TASK REQUIREMENTS →
Copy out the entries below exactly as they stand, but only from the line containing "Duncan Bay Maison | Marlborough Sounds Bach" through the line containing "Sex in the pool".
*** SUPPLIED MATERIAL ***
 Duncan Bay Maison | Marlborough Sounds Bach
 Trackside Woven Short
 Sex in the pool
***
*** SUPPLIED MATERIAL ***
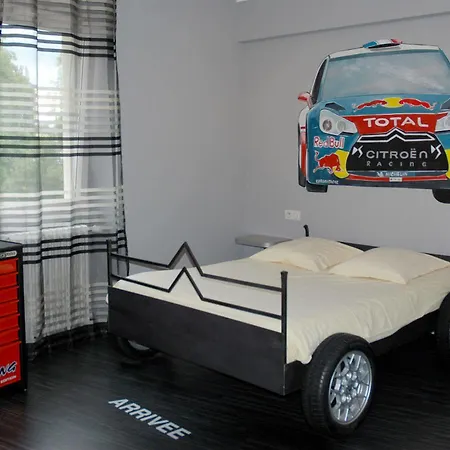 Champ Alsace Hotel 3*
***
ANSWER FOR THE TASK →
 Duncan Bay Maison | Marlborough Sounds Bach
 Trackside Woven Short
 Sex in the pool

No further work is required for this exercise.